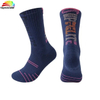 Wholesale Custom Design Free Sample Silicone Grip Crew Socks for Men and Women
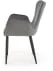 Stylowe krzesło tapicerowane od jadalni K-427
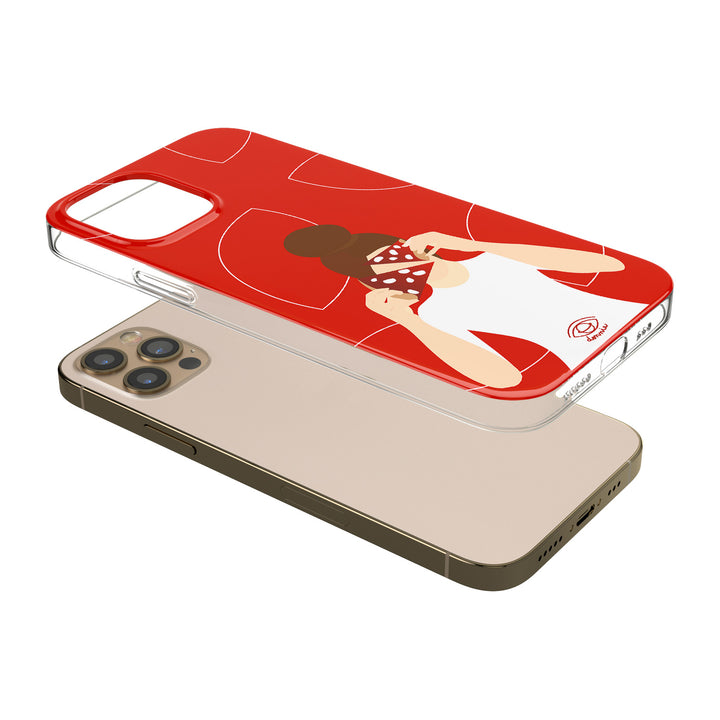 Cover Pizza lover dell'album Resfeber di Donnie per iPhone, Samsung, Xiaomi e altri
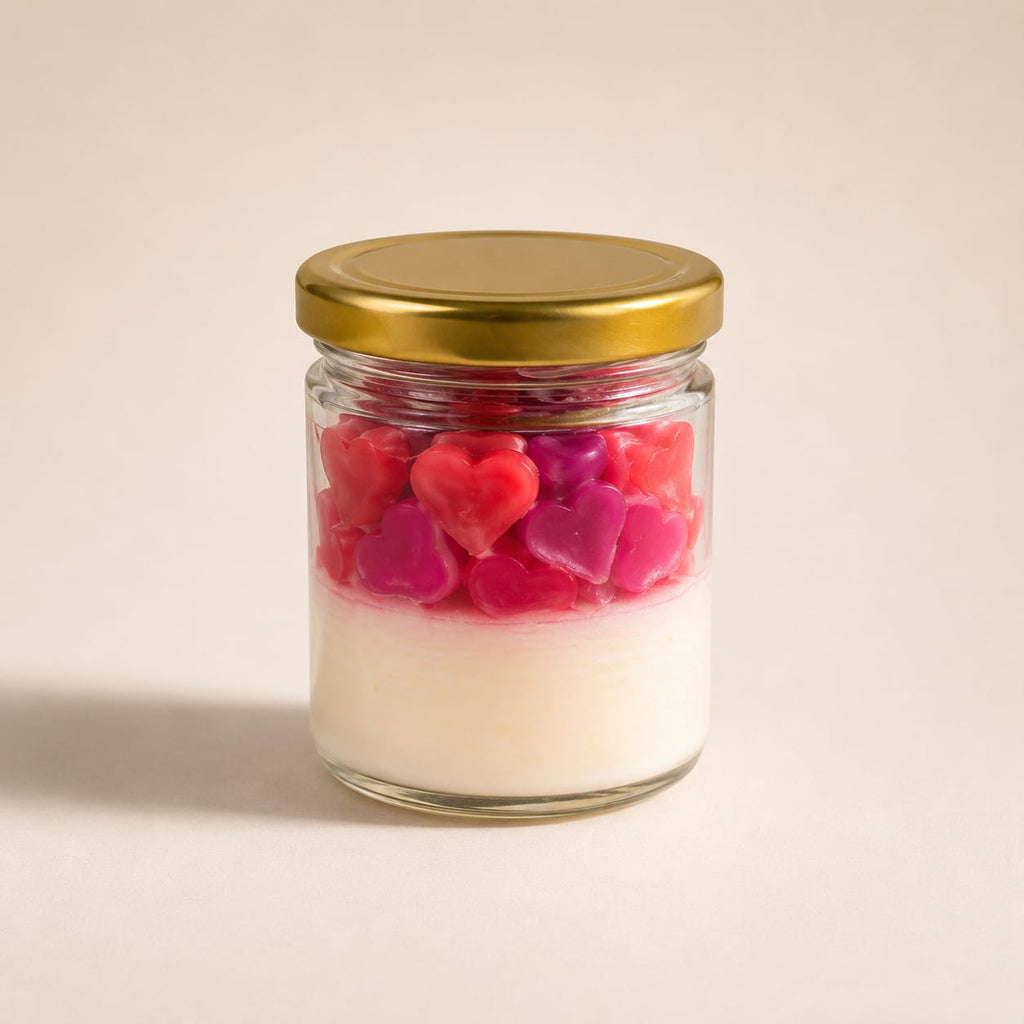 Love Jar Candle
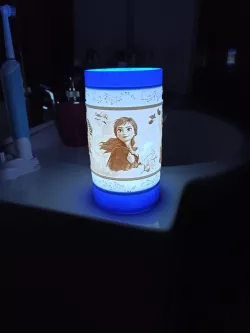 Frozen Snow Queen WATCH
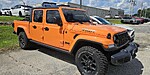 Used 2025 JEEP GLADIATOR WILLYS in LUMBERTON, NORTH CAROLINA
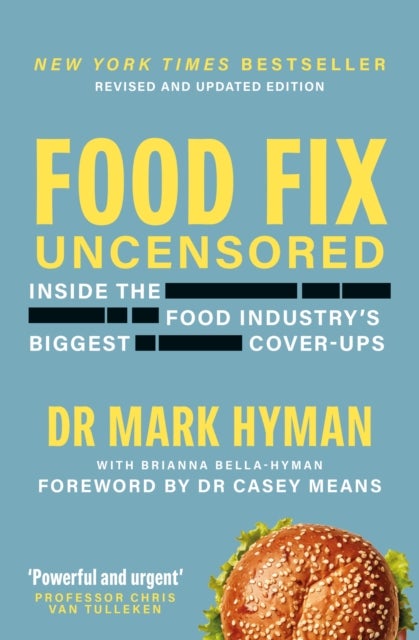 Food Fix Uncensored - Inside The Food Industry's Biggest Cover-Ups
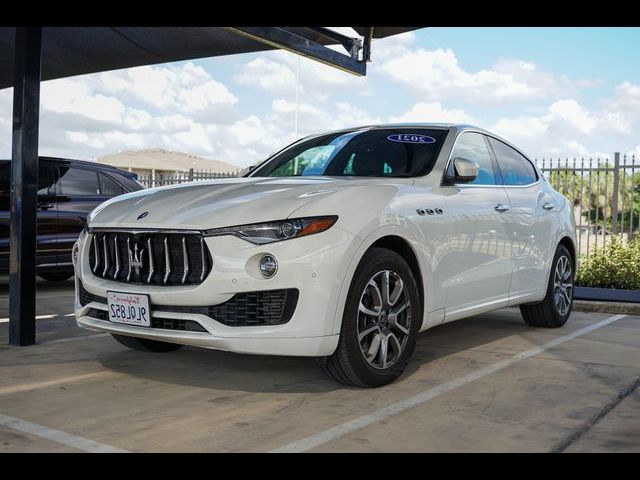 2021 Maserati Levante S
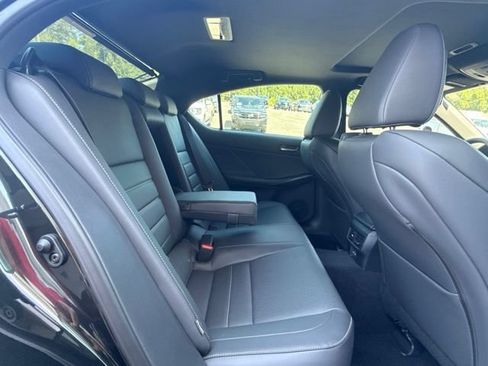 Used 2026 Lexus IS 350 F Sport w/ Handling Package RWD image 14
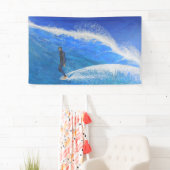 つる1001 横断幕 (インサイチュ)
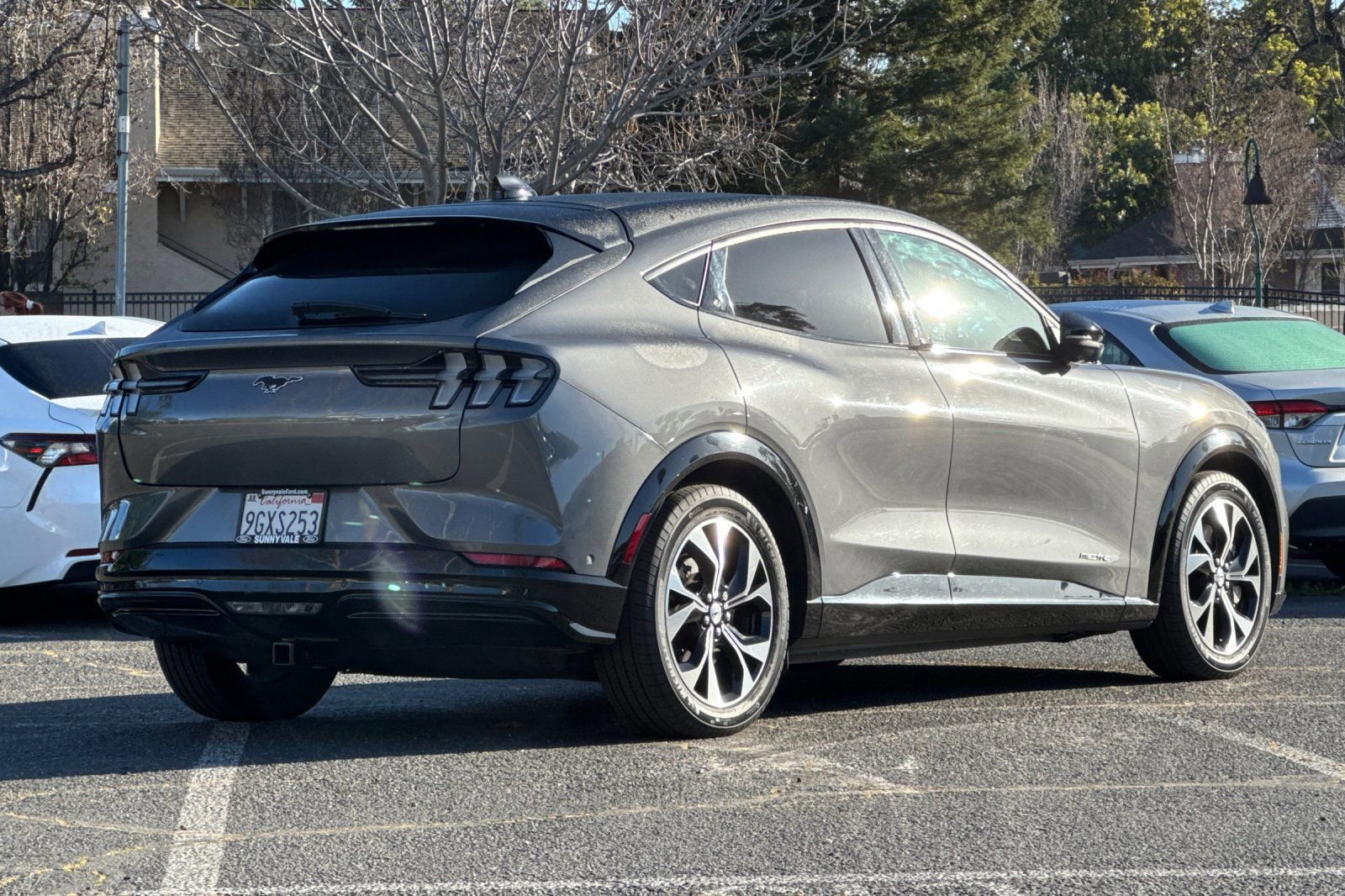 Certified 2023 Ford Mustang Mach-E Premium image 5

What you are asked to do
Copy exactly the lines that run from the line containing "Frozen Snow Queen WATCH" to the end of the data above, keeping both end lines and leaving out all pictures.

Response
 Frozen Snow Queen WATCH
 Used 2025 JEEP GLADIATOR WILLYS in LUMBERTON, NORTH CAROLINA
 Food Fix Uncensored - Inside The Food Industry's Biggest Cover-Ups
 2021 Maserati Levante S
 Used 2026 Lexus IS 350 F Sport w/ Handling Package RWD image 14
 つる1001 横断幕 (インサイチュ)
 Certified 2023 Ford Mustang Mach-E Premium image 5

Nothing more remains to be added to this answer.